America just scored a win for blue-collar workers and common sense. Assistant to the President and Senior Counselor for Trade and Manufacturing Peter Navarro told viewers on The Record that “we cannot afford to lose our auto industry,” and a big vote of confidence just rolled into Texas. Toyota announced a major expansion at its San Antonio campus — a move the administration is rightly touting as proof that tough trade and manufacturing policy actually moves markets, jobs, and production back to U.S. soil.

Toyota’s Texas Bet: Big Money, Real Jobs

Toyota’s $3.6 billion expansion in San Antonio is not small potatoes. The plan adds a second assembly line, about 2,000 jobs, and brings Tacoma pickup production from Baja California, Mexico, to Texas. That’s manufacturing scale you can see from the highway — and it matters. For towns and families, those are stable jobs that pay and support local businesses. For the nation, it means high-value assembly stays inside our borders instead of being scattered across foreign supply chains.

Policy or Planning? Both Matter — Don’t Pretend Otherwise

The White House says this investment is “one of many” driven by the administration’s agenda of tariffs, deregulation, and tax cuts. Critics will tut that automakers plan years in advance, and they’re right — big plants aren’t built on a whim. But don’t fall for the narrow-minded take that policy never nudges corporate decisions. Tariffs, incentives, and a clear national stance on manufacturing change the math. They tip the balance when companies decide where to invest billions. If you want factories back, you need policies that make building here smarter than building there.

Navarro’s Pitch: Tough Talk, Practical Goals

Assistant to the President and Senior Counselor for Trade and Manufacturing Peter Navarro has been pushing this message on conservative outlets: protect the supply chain, keep auto jobs here, and stop exporting our industrial base. Call it blunt, call it bold — it’s practical. Yes, there are trade-offs. Tariffs can raise costs for consumers and complicate cross-border supply lines. But there’s also a cost to losing critical industry: weakened defense readiness, hollowed-out communities, and an economy more vulnerable to foreign whims. We should aim for tough-minded policy that balances those risks, not hand-wringing that leaves factories overseas.

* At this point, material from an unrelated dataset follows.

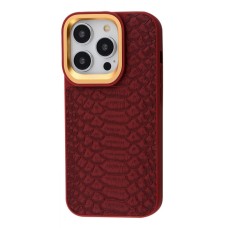 Чохол Kajsa Snake Pattern iPhone 14 Pro Max burgundy
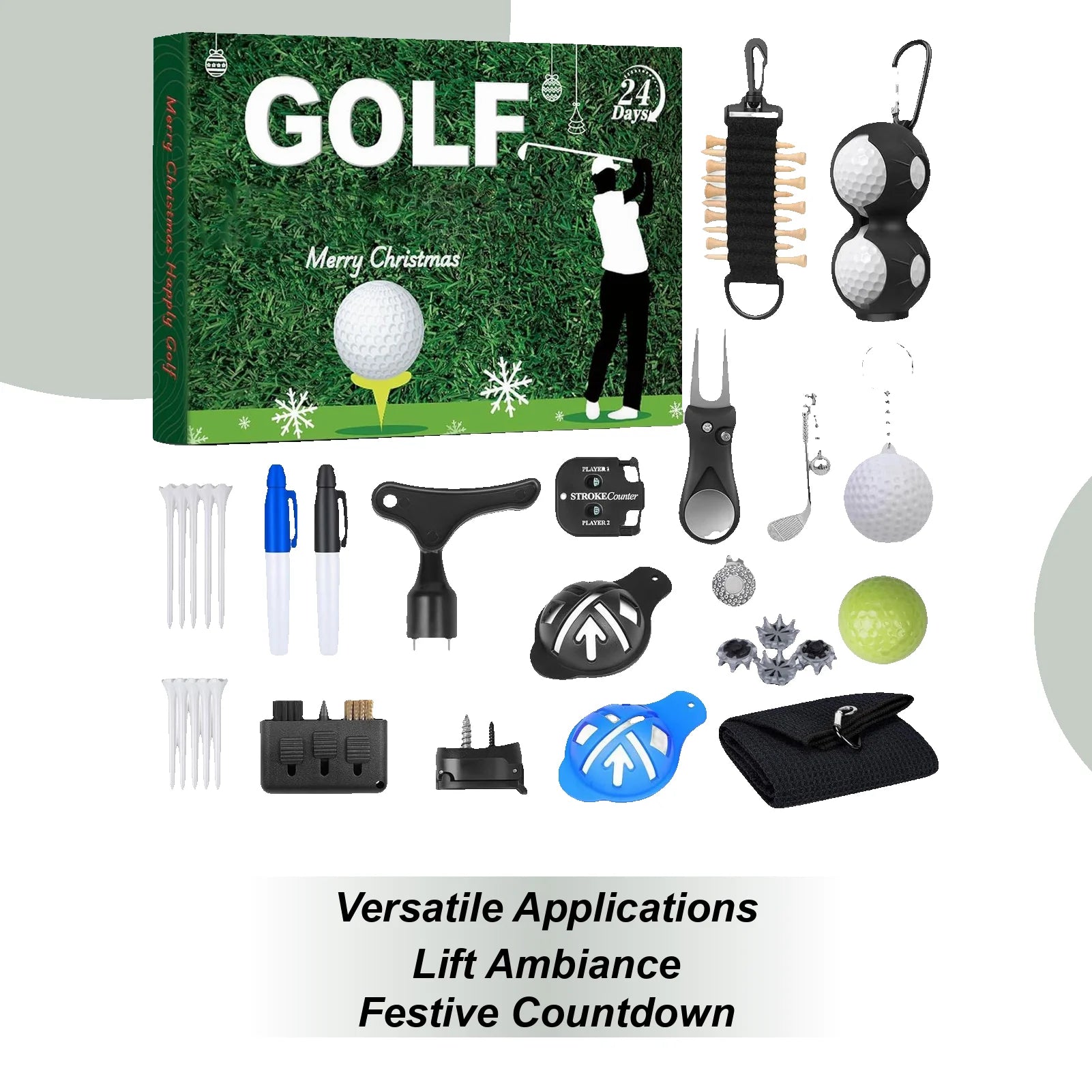 Christmas Countdown 24 Days Golf Accessories Christmas Holiday Countdown For Women Men Teens Boys Girls Father Husband Boyfriend Qme A China Mainland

Keep the Pressure — Celebrate the Wins

Toyota’s move is a win worth celebrating. It proves that when Washington sets clear rules and backs manufacturing, companies listen. But this isn’t a mission accomplished banner to hang and forget. Lawmakers must keep the pressure on — smart tariffs, tax policy that favors investment at home, and predictable regulation that rewards long-term American builds. If conservatives really care about workers, we’ll defend the auto industry with more than applause. We’ll use policy, politics, and common sense to make sure those 2,000 jobs in Texas are the first of many.